__Requirement__
Please reproduce the data exactly, though every picture must stay out.

__Information provided__

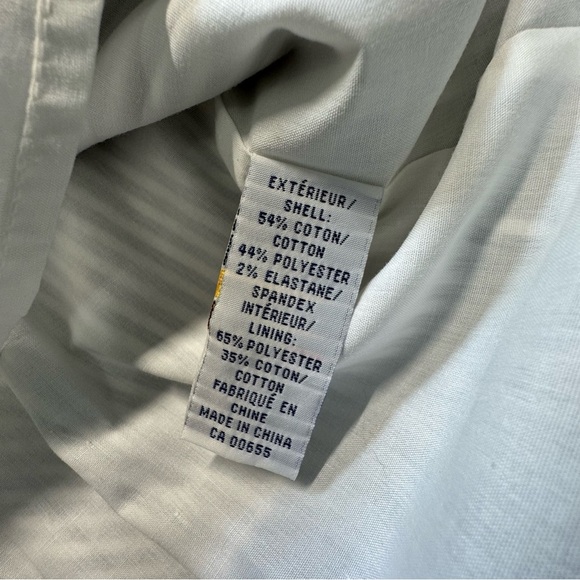 Reitmans Halter Backless Sundress in Gray and White - Picture 7 of 8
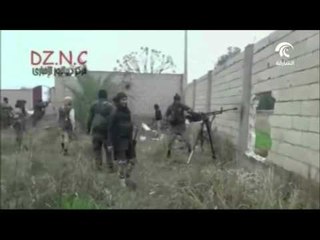 مئات القتلى والجرحى في دير الزور إثر هجوم شنه مسلحو داعش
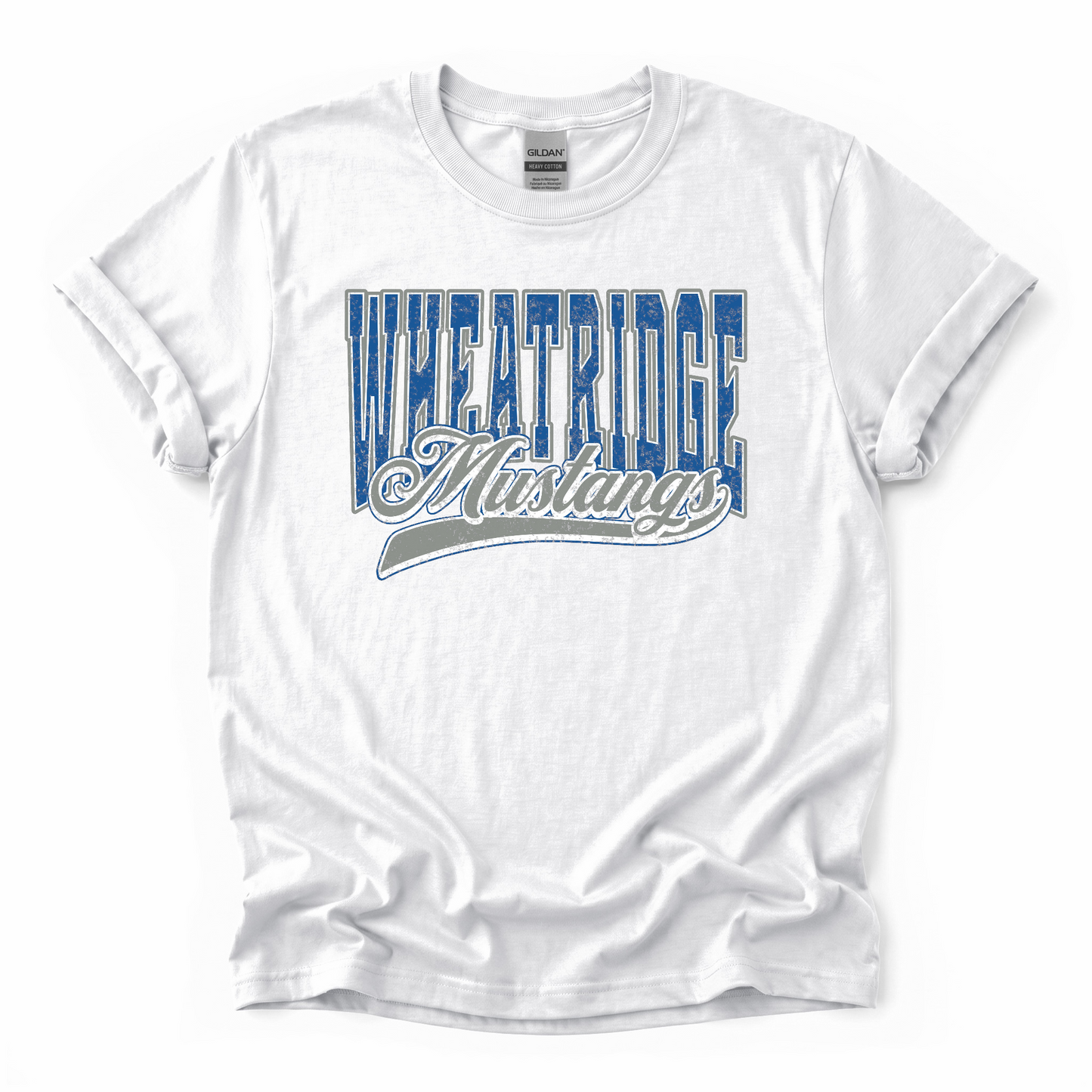 Wheatridge Mustangs Classy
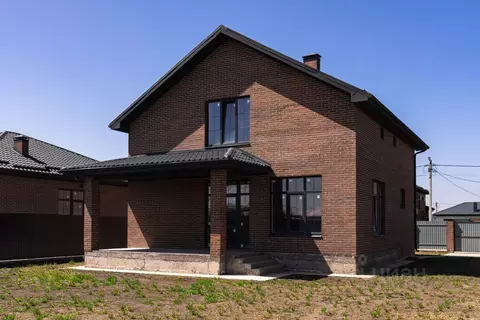 Дом в Адыгея, Тахтамукайский район, Козет аул, Солнечный кп  (174 м)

__Solution for this task__
 Reitmans Halter Backless Sundress in Gray and White - Picture 7 of 8
 مئات القتلى والجرحى في دير الزور إثر هجوم شنه مسلحو داعش
 Wheatridge Mustangs Classy
 Дом в Адыгея, Тахтамукайский район, Козет аул, Солнечный кп  (174 м)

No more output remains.